テレビを見てると、正月というこの時期は日本をうつくしいと思いこまされ感動するか、下品な笑いに付き合わなくちゃならないことになっているのかしら…、って思う。
それで結局、ネットフリックスとかアマプラだとか、U−Nextで映画をみちゃうことになる。
それもホラーやディザスター系。
世の中がめでたい気分に酔いしれているときに、不幸この上ないドラマを見るってなんてステキなことなんだろう…、って(笑)。
地球が壊れる映画をふたつ、見てしまう。
ひとつは「グリーンランド -地球最後の2日間-」。
巨大彗星のせいで地球が壊れてしまう最後の2日間を主人公のジェラルド・バトラー一家の目線で描いたという題名以上でも以下でもない内容で、拍子抜け。
批評家が「ジェラルド・バトラーは地球を守るため、そして観客にありえないほど楽しい時間を見せてくれるためにやってきた。」と評したというのだけれど、彼は自分の家族を助けようとあたふたするだけで、断じて地球を守る行為はしていない。
持ち前の眉間のシワの深さゆえ、深刻なことをしているように見えるけど大したことはしないで結局、世界は壊れる。
ちなみにディザスタームービーの最大の見せ場は地球の壊れっぷりを描くシーンであるはずなのに、そんなシーンもほとんどなくて、ディザスターメロドラマという新しいジャンルの映画じゃないかと思ってしまうほどでした。
見どころは夜空を飾る彗星のうつくしい軌跡とジェラルド・バトラーの眉間のシワ…、としておきましょう。拍子抜け。
もう一本は「ドントルックアップ」っていう映画。
これも彗星が地球に衝突してこの世が終わってしまう映画。
ただ映画の方向性はまるで違ってて、前述のグリーンランドがメロドラマだとすれば、こちらはコメディー。
しかもかなり風刺のきいたブラックコメディー仕立てで、セリフ一つ一つが気が利いていてボクは結構好きだった。
まず役者の顔ぶれがすごい。
主人公の天文学者にレオナルドデカプリオとジェニファーローレンス。
おろかな大統領役をメリルストリープが好演し、彼女に輪をかけておろかしいメディア関係者をケイトブランシェットが演じてる。
天文学者は彗星が地球に衝突して大惨事になると言っても誰にも真に受けてもらえず、その危機が確実とわかった政治家は、スポンサーの意向で政策が右往左往する。
「ドントルックアップ」ってタイトルは、上を向くと彗星を見てしまうから見ないようにしようって意味。
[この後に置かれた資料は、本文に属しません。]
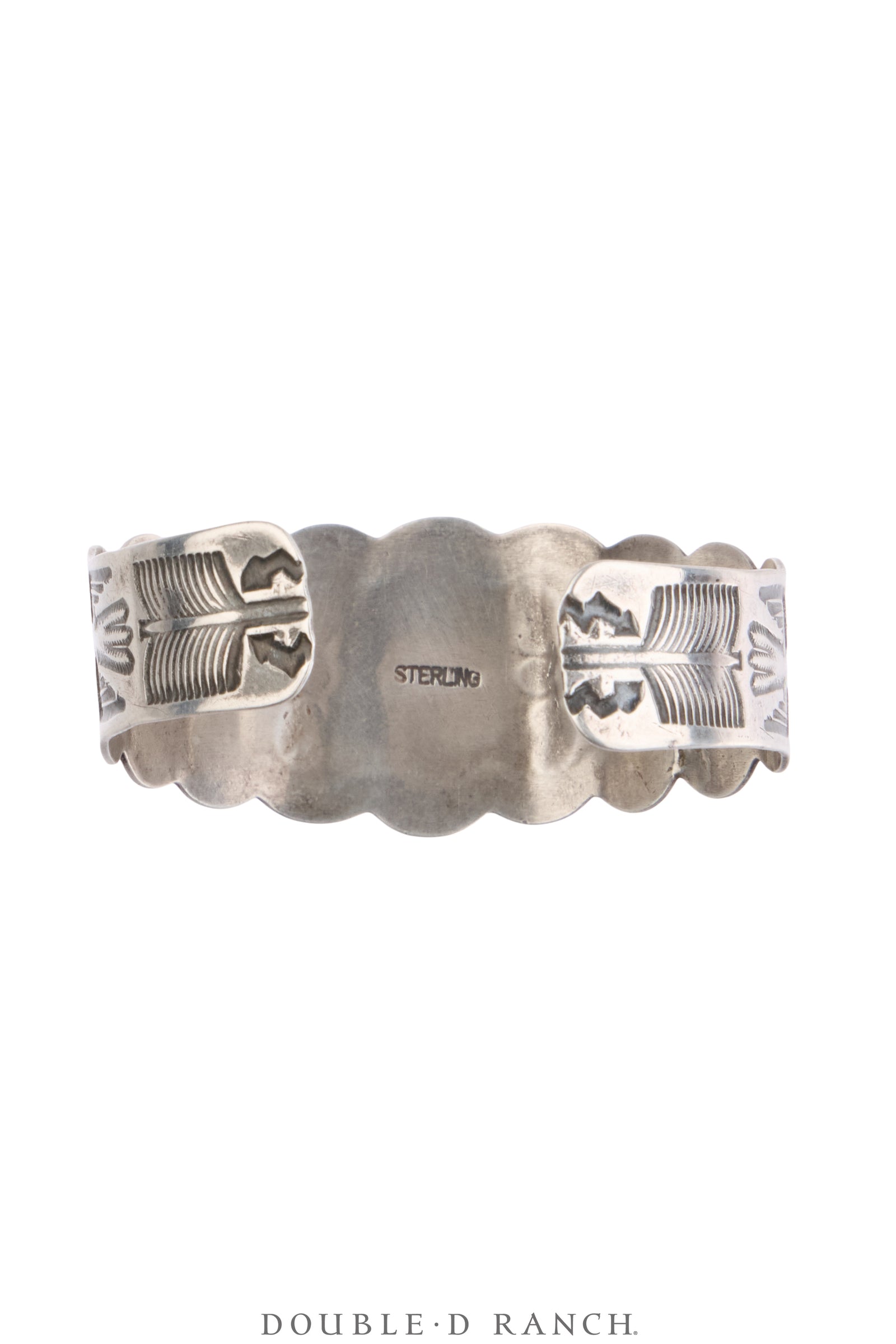 Cuff, Fred Harvey Railroad Era, Turquoise, Thunderbird, Vintage ‘40s, 4150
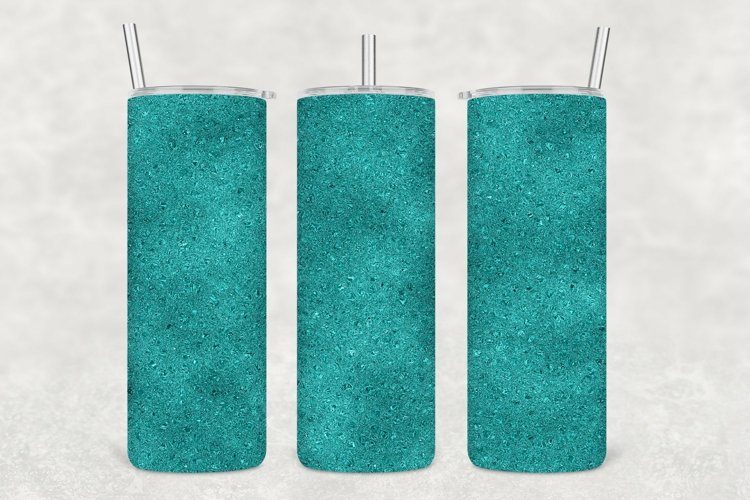 Cyan Glitter Tumbler Wrap Sublimation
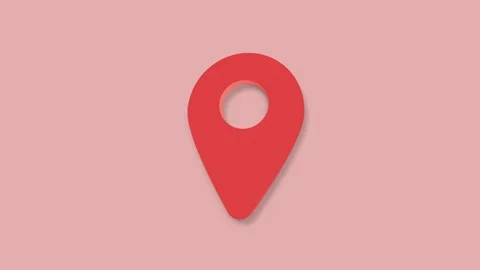 GPS location pointer animated icon. Location Pin 3d icon. Stock Footage 156895624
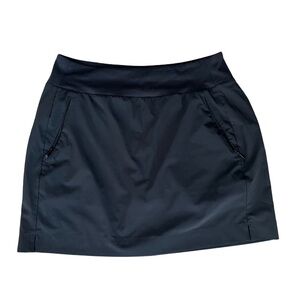 Athleta Black Skirt Skort size 8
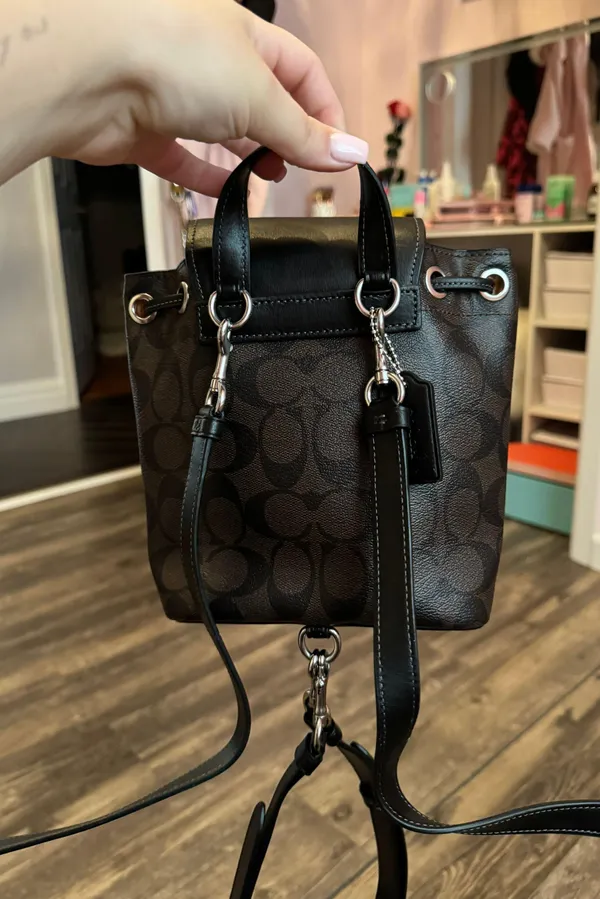 Coach mini  bucket backpack - Image 2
目の前にある問題から目を背けて今がずっと続けばいいや…、と思って手をこまねくことって今の日本の政治家の得意技。
ボクにもそういうふうに振る舞いたい気持ちはあるもんって思って笑った。
レオナルドデカプリオがもっさりとしたおじさん役をしてるのだけど、端正な顔立ちが災いしてか美少年っぽさが残ってしまう。だから老け顔を作ろうとすればするほど痛々しくなっちゃう…、そんなとこまで含めて意地悪と茶目っ気に溢れた秀作。
それにしてもこの映画も地球が壊れるシーンがほとんど描かれない。予算の都合か、それとも視聴者を絶望させぬよう悲劇的なシーンを控えるウィズコロナ時代の映画の宿命なのか…、どうなんだろう。わからない。